Mashunah Hanafi
Mashunah Hanafi lahir di Banjarmasin 17 Desember 1952. Ulama perempuan dari Banjar ini merupakan ahli ilmu falak. Ia menjadi dosen di Fakultas Syariah Universitas Islam Negeri (UIN) Antasari, Banjarmasin, dan sudah menyelesaikan masa baktinya di kampus tersebut setelah 34 tahun mengajar ilmu falak dan fiqh.
Mashunah bersama rombongan dari Kalimantan Selatan ikut berpartisipasi sebagai peserta dalam Kongres Ulama Perempuan Indonesia (KUPI) pada 2017 di Cirebon, Jawa Barat.
Riwayat Hidup
Mashunah Hanafi merupakan anak keenam dari pasangan ulama besar dari Banjar, Tuan Guru KH Muhammad Hanafi Gobit dan Ibu Asiah Hanafi. Pasangan tersebut dikaruniai dua belas anak yakni Naziroh, Ma’mun, Siti Wardah, Rusydah, Yusriah, Mashunah, Unaizah, Madihah, Shofwati, Usamah, Nailah, dan Rajihah. Menikah dengan Qathalani, Mashunah Hanafi dikaruniai empat orang anak, yaitu Muhammad Mubarak, Hosnu El Wafa, Thif Raihan, dan Hanief Monday.

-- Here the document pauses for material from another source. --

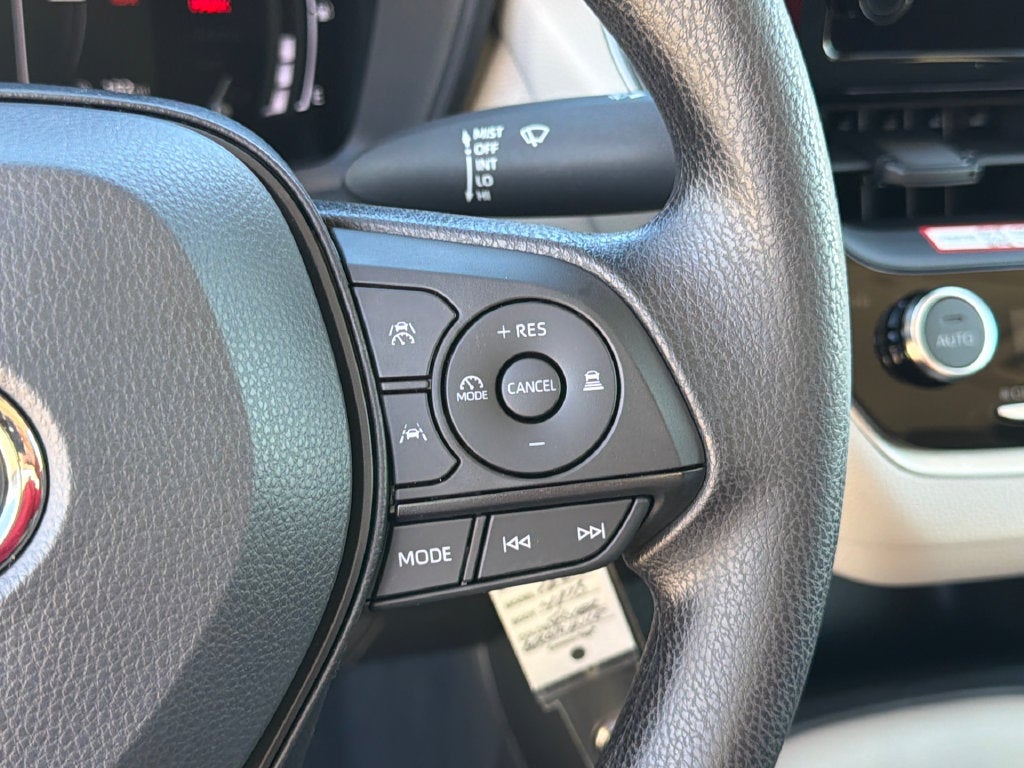 2027 Toyota Corolla Hybrid LE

Nama Hanafi Gobet sangat dikenal masyarakat sebagai ulama ahli ilmu falak asal Banjar dan tokoh yang disegani karena segudang kiprah dan prestasi. Hanafi Gobit merupakan Qadhi Besar di Kalimantan tahun 1942-1950, anggota pimpinan wilayah Masyumi Kalimantan Selatan tahun 1950-1959, Kepala Kantor Urusan Agama Kalimantan tahun 1951-1963, pimpinan haji Indonesia tahun 1960, utusan Indonesia menghadiri Kongres Masjid Sedunia tahun 1957 di Makkah Al-Mukarramah, anggota Dewan Banjar tahun 1948-1950, Penasihat Pengurus Besar Serikat Muslimin Indonesia (Sermi) yang kemudian dilebur menjadi Masyumi Wilayah Kalimantan Selatan, Ketua Dewan Pertimbangan Pengurus Wilayah Partai Muslimin Indonesia (Parmusi) Kalimantan Selatan tahun 1963-1971, anggota MPR-RI masa bakti 1977-1982, dan mendapat Tanda Kehormatan Satyalencana Karya Satya Tingkat III dengan SK Presiden Nomor 076/TK/Tahun/1976.

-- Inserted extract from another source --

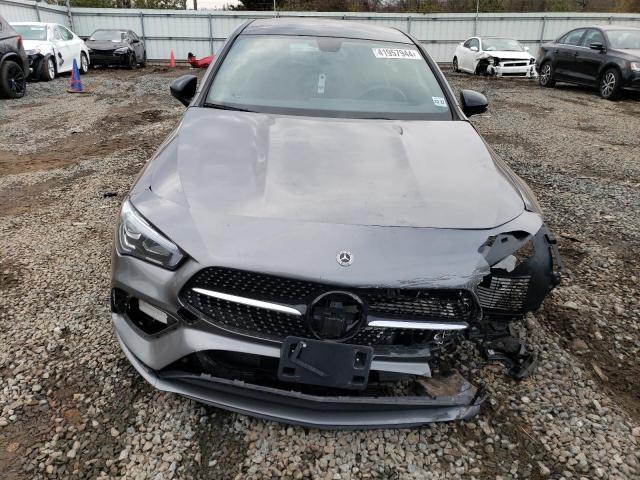 Photo 4 VIN: W1K5J4HB3PN334297 - MERCEDES-BENZ CLA-CLASS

Hanafi Gobit juga salah satu tokoh pencetus berdirinya sekolah menengah Islam pertama (SMIP) yang didirkan pada tanggal 15 Oktober 1946 yang kini bernama SMIP, pendiri Al-Ma’had al-Islamy, guru pada Sekolah Hakim dan Jaksa (SHD), Guru pada sekolah Kaikyo Gakko Ing., Guru pada Kwekschool Nieuw Stijl tahun 1947, dosen agama Islam pada Universitas Lambung Mangkurat tahun 1967-1969, guru pamong praja selama 10 tahun, dosen tetap IAIN Antasari dan menjabat sebagai Wakil Dekan III Fakultas Syari’ah tahun 1971-1972, Dosen Luar Biasa IAIN Antasari tahun 1974-1983, dan pendiri Pesantren Hunafaa Masjid Jami Banjarmasin. Pesantren inilah yang kemudian dalam perkembangan seterusnya dilanjutkan pasangan Mashunah Hanafi dan H.M. Qasthalani, LML, serta keluarga besarnya.

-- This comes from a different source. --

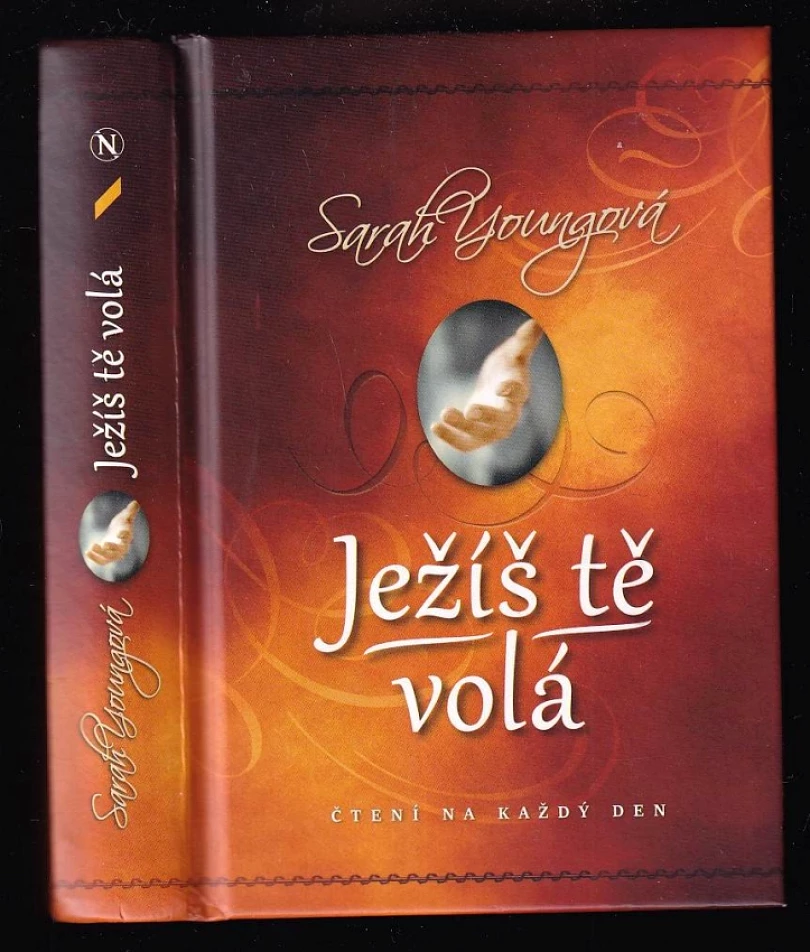 Ježíš tě volá (Sarah Young, 2015)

Muhammad Hanafie Gobit tidak memiliki karya tulis yang dicetak, karya tulisnya sebagian masih dalam bentuk tulisan tangan dan sebagiannya lagi diketik dengan mesin ketik manual. Adalah Mashunah Hanafi yang dalam laporan penelitiannya berjudul H. Muhammad Hanafie Gobit Sebagai Tokoh Ilmu Falak memberikan identifikasi tentang pengetahuan dan ilmu falak dari Hanafie Gobit sebanyak kurang lebih 84 halaman dan lampirannya berupa tabel sejumlah 24 halaman.
Tokoh dan Keulamaan Perempuan
Mashunah Hanafi menyelesaikan program S2-nya di Universitas Muhammadiyah Jakarta (UMJ) program Hukum Islam dengan mengambil tugas akhir Karakteristik Pemikiran Hukum Islam Syekh Muhammad Arsyad Al-Banjari, Tesis tahun 2003. Ia dikenal sebagai ulama perempuan asal Banjar yang ahli ilmu falak, mewarisi ilmu falak yang dimiliki ayahandanya, KH Muhammad Hanafie Gobit. Selama kurang lebih 34 tahun ia mengamalkan pengetahuan di bidangnya tersebut sebagai dosen ilmu falak di UIN Antasari, Banjarmasin, hingga masa purna tugas. Waktu itu, ia juga menjabat sebagai Wakil Dekan 1 Fakultas Syariah di UIN Antasari.
Dengan pengetahuannya tersebut, pada 2012, Mashunah Hanafi bersama Akhmad Syaikhu dan Budi Rahmat Hakim melakukan penelitian tentang arah kiblat masjid-masjid di Banjarmasin. Hasilnya, presisi arah kiblat masjid-masjid di kota Banjarmasin bervariasi. Berdasarkan kategori yang dibangun, ada masjid yang presisi arah kiblatnya sangat tinggi, tinggi, sedang, cukup, rendah dan rendah sekali. Dari 40 masjid yang sudah diteliti, jumlah masjid yang presisi arah kiblatnya termasuk kategori sangat tinggi ada 3 buah, tinggi ada 1 buah, sedang 2 buah, cukup 27 buah, rendah 7 buah, dan presisi yang terbanyak adalah dengan kategori rendah sekali, yaitu 20 buah masjid.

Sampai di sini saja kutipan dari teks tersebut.